International Journal of Plant & Soil Science

Maize (Zea mays L.) is a globally important cereal crop, but its productivity is constrained by nutrient deficiencies, soil-borne pathogens and abiotic stresses. Among the major biotic constraints, Fusarium verticillioides causes seed rot, seedling blight, stalk rot and ear rot, resulting in substantial yield and quality losses. Plant growth-promoting rhizobacteria (PGPR) have attracted increasing attention as sustainable biological inputs for improving maize growth and plant health. This review examines the role of PGPR in maize production, with emphasis on nutrient acquisition, disease suppression and stress tolerance.
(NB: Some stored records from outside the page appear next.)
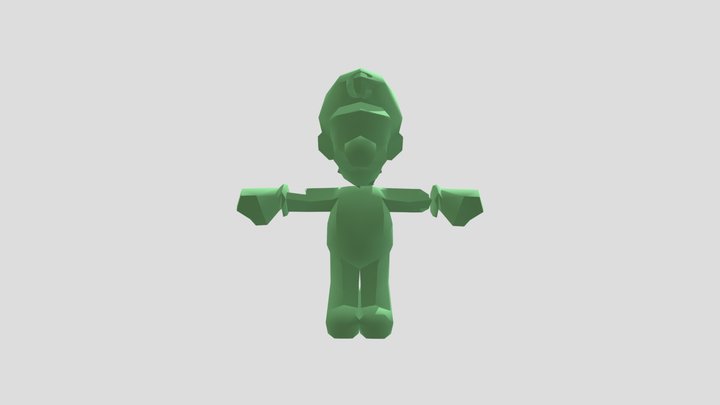 Gooigi 3D Model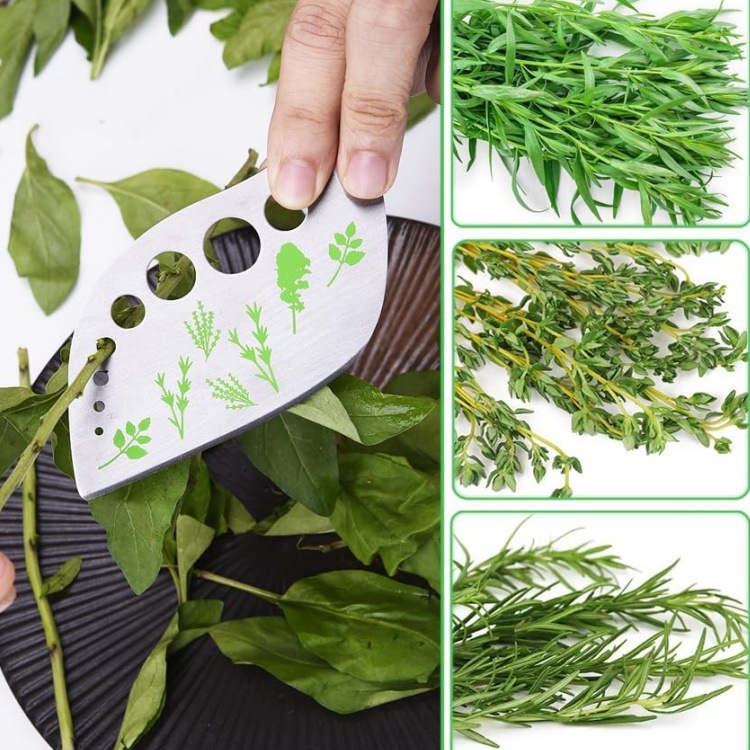 Herb Cutter Stripper 6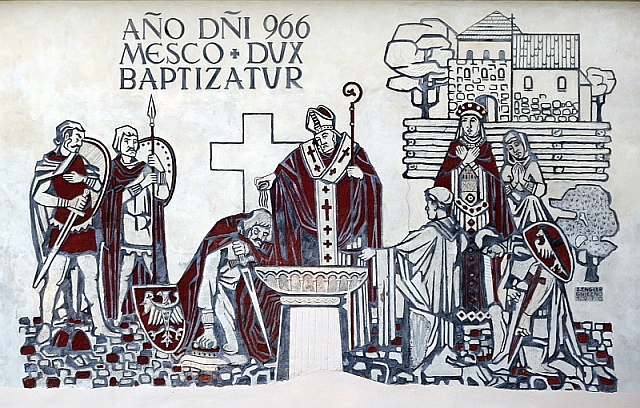 Chrzest Polski 966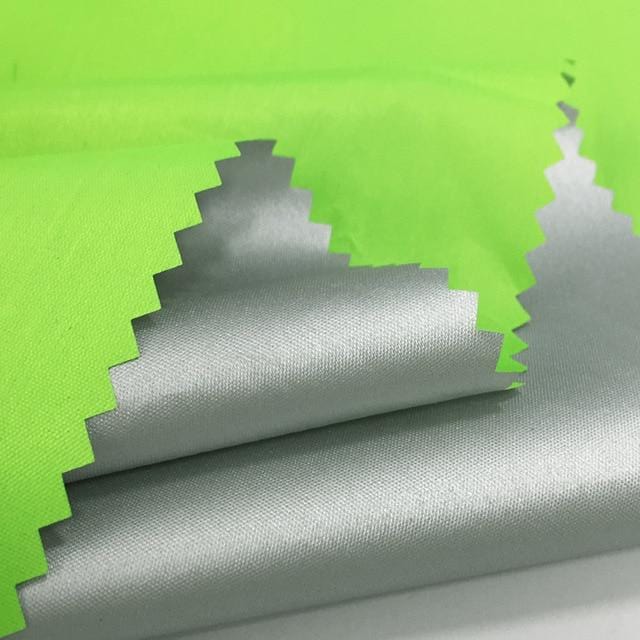 Thin Green Silver Coated Waterproof Fabric for Tent Sunshade Screen, Ice Bag Material, Red,Blue,Gray, White,Black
In maize rhizosphere systems, PGPR, including Bacillus, Pseudomonas, Azospirillum, Azotobacter and Enterobacter spp., enhance plant growth through biological nitrogen fixation, phosphate solubilisation, siderophore production and phytohormone synthesis. These activities can improve root architecture, nutrient uptake and biomass accumulation. PGPR also suppress important maize pathogens, particularly F. verticillioides, through competition for nutrients and ecological niches, production of antibiotics and hydrolytic enzymes, secretion of inhibitory volatile compounds and induction of systemic resistance. In addition, PGPR-mediated regulation of 1-aminocyclopropane-1-carboxylate deaminase activity, antioxidant enzymes and biofilm formation can enhance maize tolerance to drought, salinity and other abiotic stresses. Evidence from greenhouse and field studies indicates that PGPR have potential to support maize growth, reduce disease incidence and lessen dependence on chemical fertilisers and pesticides. However, PGPR performance in maize is influenced by bacterial strain, maize genotype, soil properties, environmental conditions and inoculation method. Further maize-specific field validation, stable microbial formulations and integration into locally adapted crop management systems are required for reliable future application in sustainable maize production.